[STUDY MATERIAL]

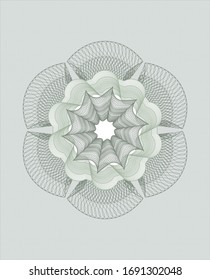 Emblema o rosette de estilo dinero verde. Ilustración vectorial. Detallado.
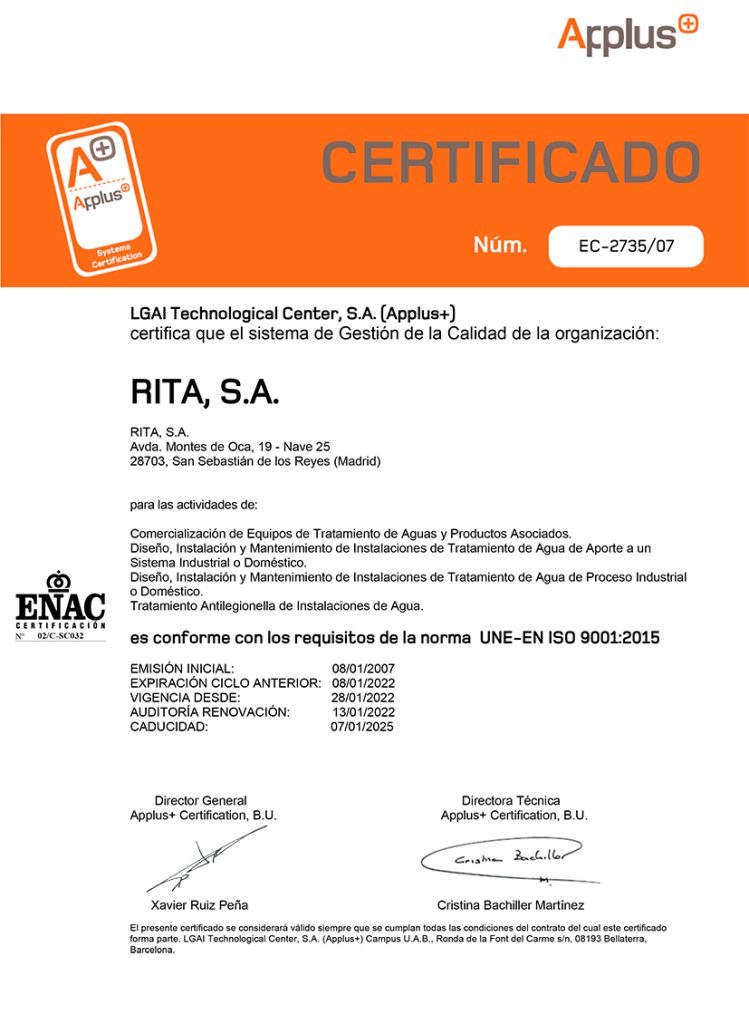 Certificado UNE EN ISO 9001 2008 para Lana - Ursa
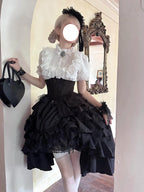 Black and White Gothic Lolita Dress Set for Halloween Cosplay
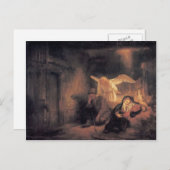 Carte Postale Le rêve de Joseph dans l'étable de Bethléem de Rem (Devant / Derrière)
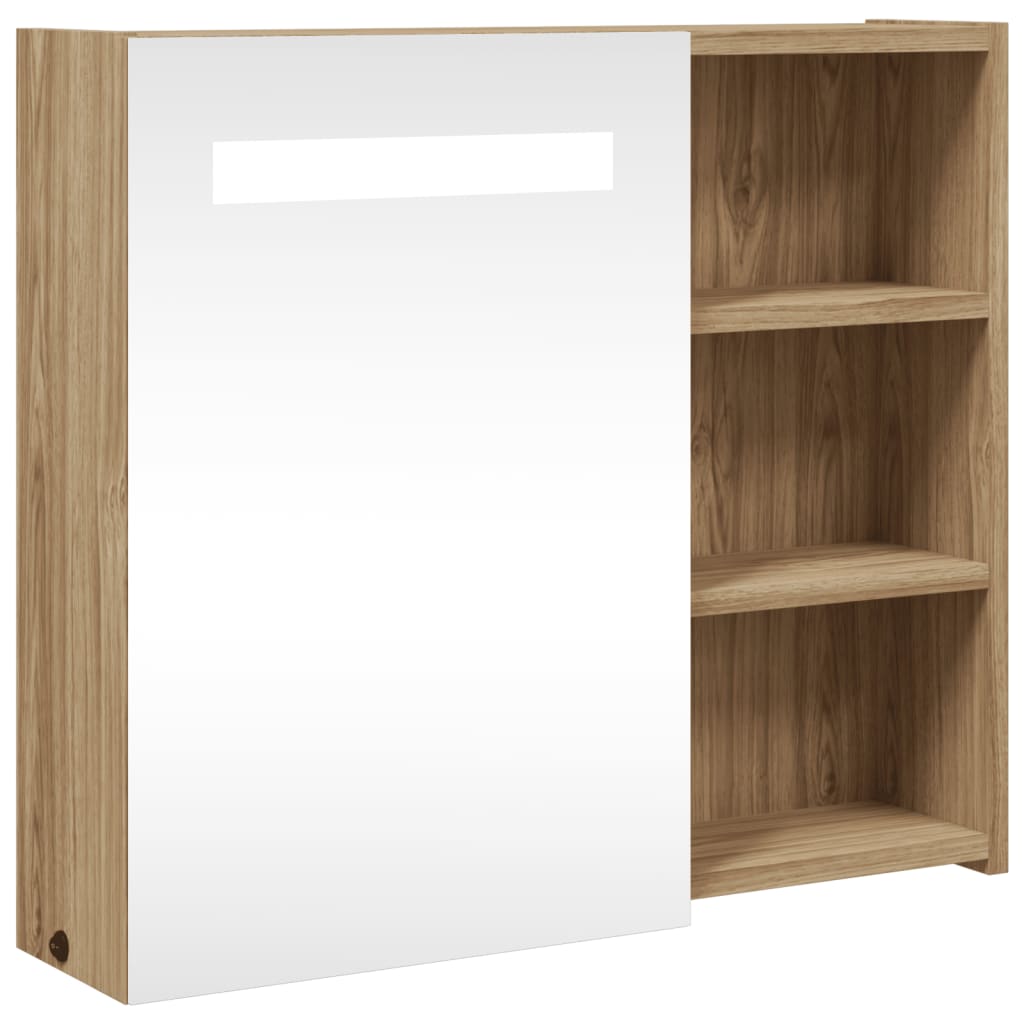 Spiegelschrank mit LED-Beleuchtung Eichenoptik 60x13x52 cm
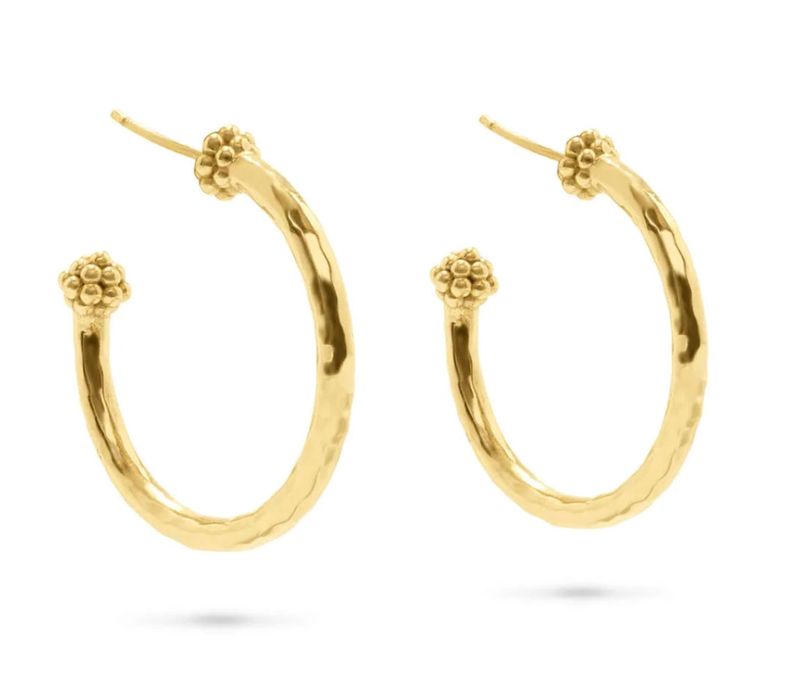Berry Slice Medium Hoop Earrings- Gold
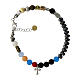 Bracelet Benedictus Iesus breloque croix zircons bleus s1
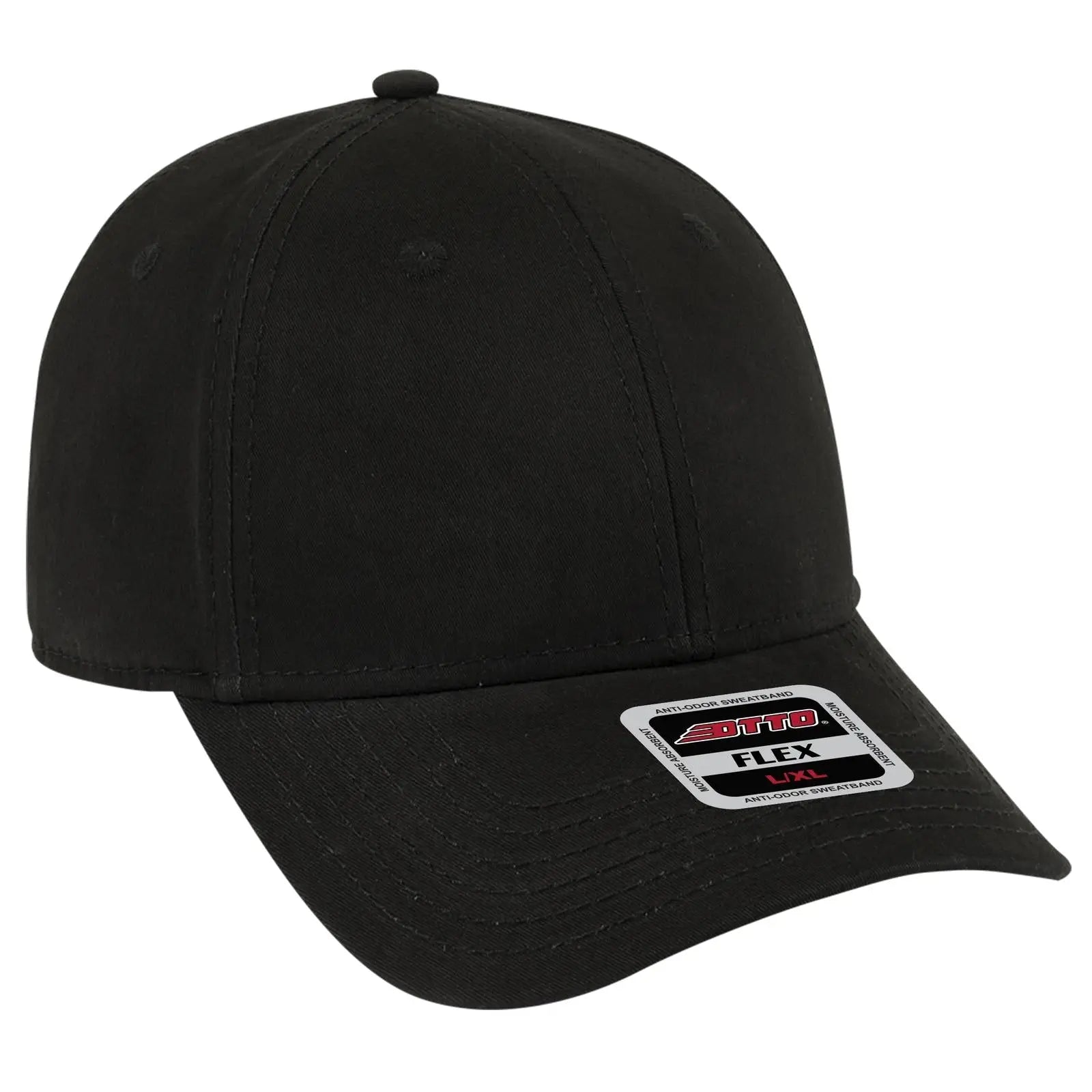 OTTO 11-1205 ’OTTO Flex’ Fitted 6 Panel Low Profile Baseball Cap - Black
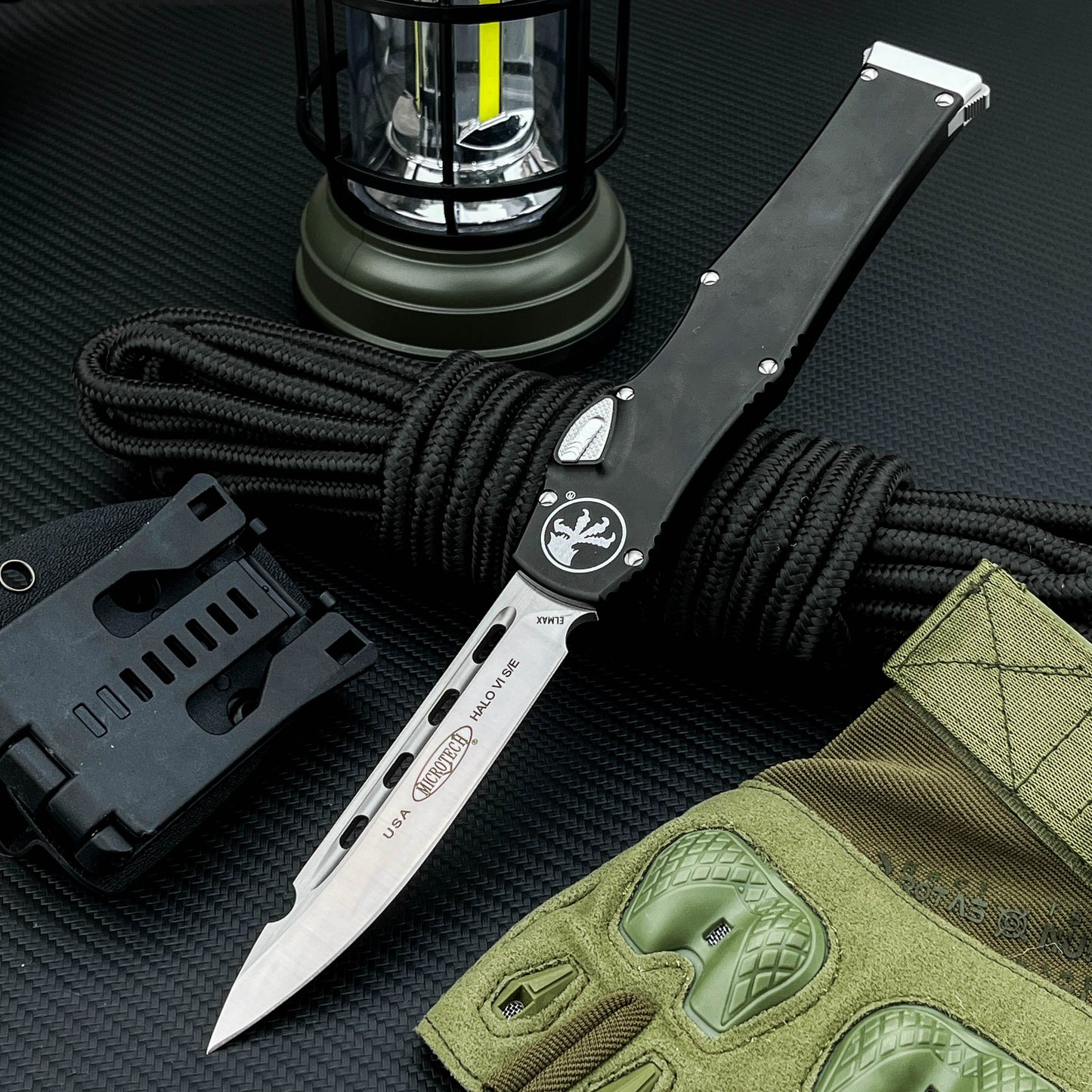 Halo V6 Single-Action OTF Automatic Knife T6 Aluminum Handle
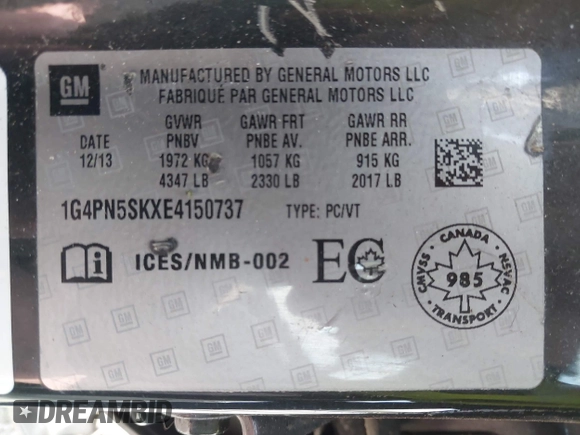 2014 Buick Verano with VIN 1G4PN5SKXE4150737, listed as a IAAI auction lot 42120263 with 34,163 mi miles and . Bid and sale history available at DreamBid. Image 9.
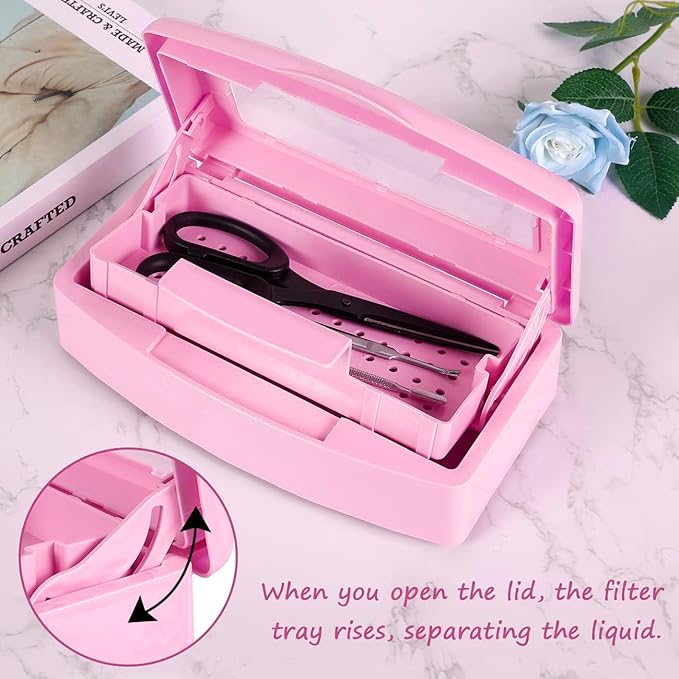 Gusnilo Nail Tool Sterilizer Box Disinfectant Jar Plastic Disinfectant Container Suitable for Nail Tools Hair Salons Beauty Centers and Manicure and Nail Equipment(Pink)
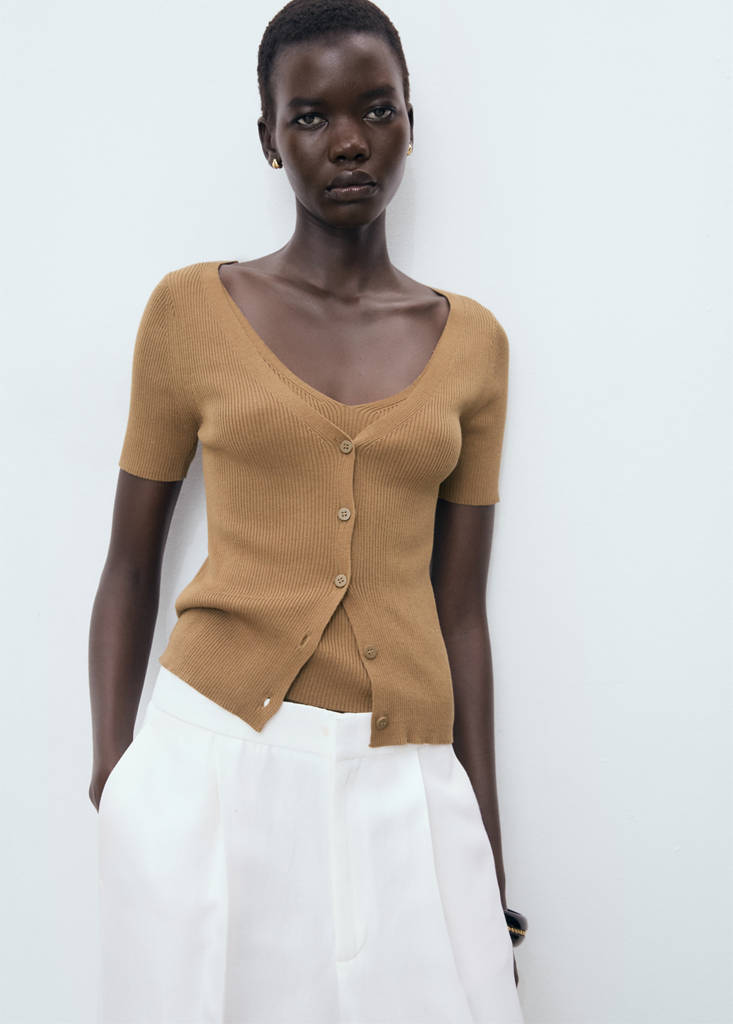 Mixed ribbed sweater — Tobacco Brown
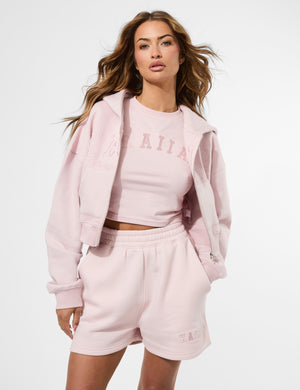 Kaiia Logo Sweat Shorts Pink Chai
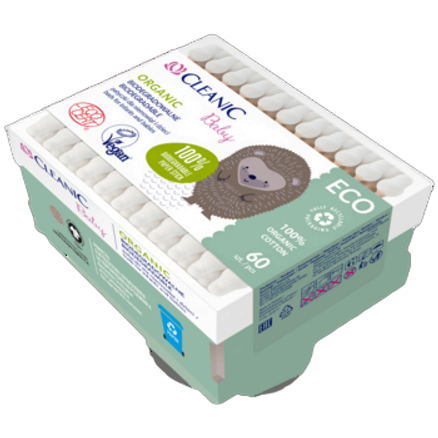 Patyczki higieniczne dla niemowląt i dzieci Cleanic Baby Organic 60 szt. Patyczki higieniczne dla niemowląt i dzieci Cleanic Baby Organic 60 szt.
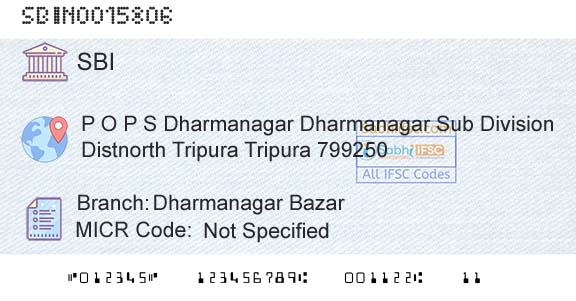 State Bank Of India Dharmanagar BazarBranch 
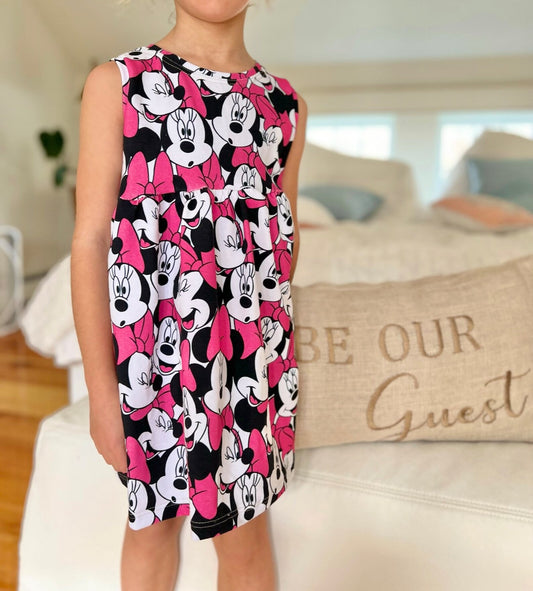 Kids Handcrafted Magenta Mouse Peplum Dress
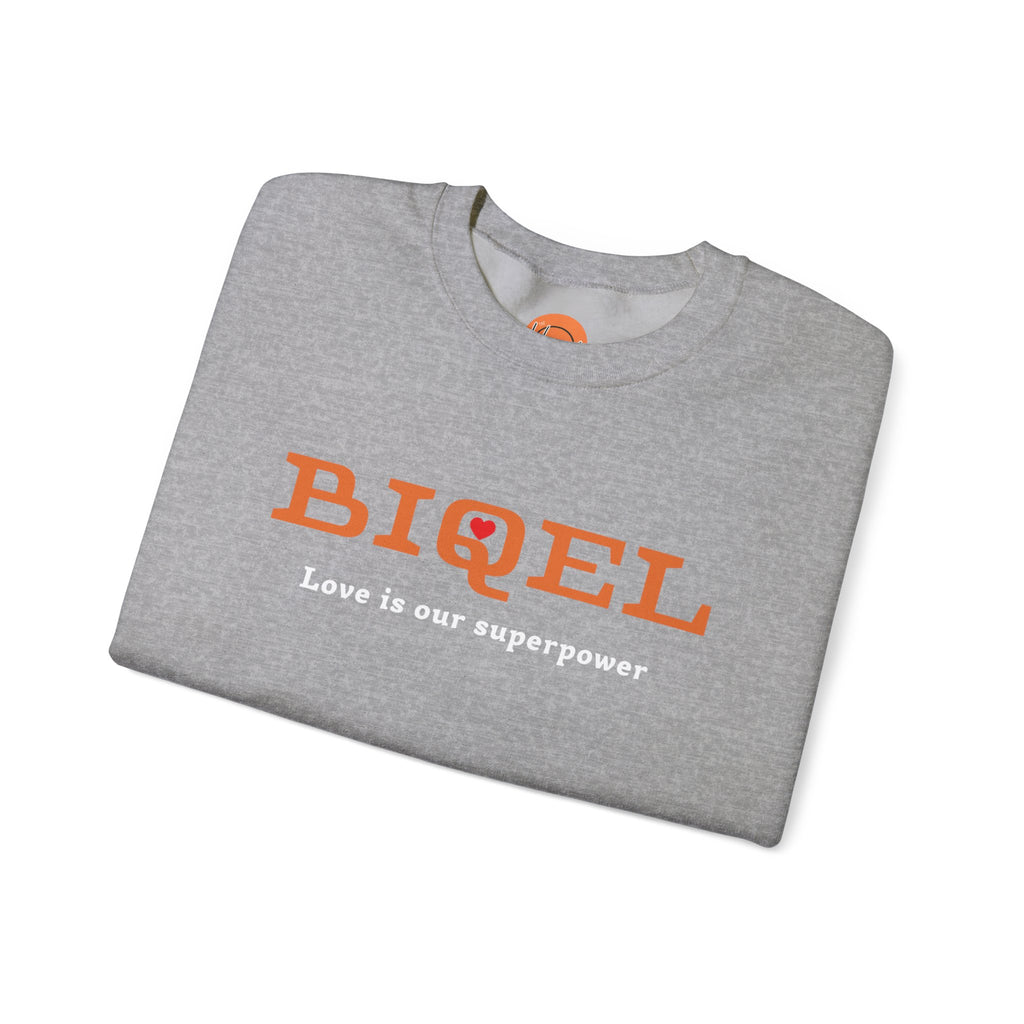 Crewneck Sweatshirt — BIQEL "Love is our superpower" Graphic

[/STUDY MATERIAL]

*WHAT THE TASK REQUIRES*. Repeat exactly the lines above, from the line that contains "2014 Buick Verano" down through the line that contains "Gusnilo Nail Tool". Include both of those lines and none of the pictures.

*WRITTEN RESPONSE*.
 2014 Buick Verano with VIN 1G4PN5SKXE4150737, listed as a IAAI auction lot 42120263 with 34,163 mi miles and . Bid and sale history available at DreamBid. Image 9.
 Gusnilo Nail Tool Sterilizer Box Disinfectant Jar Plastic Disinfectant Container Suitable for Nail Tools Hair Salons Beauty Centers and Manicure and Nail Equipment(Pink)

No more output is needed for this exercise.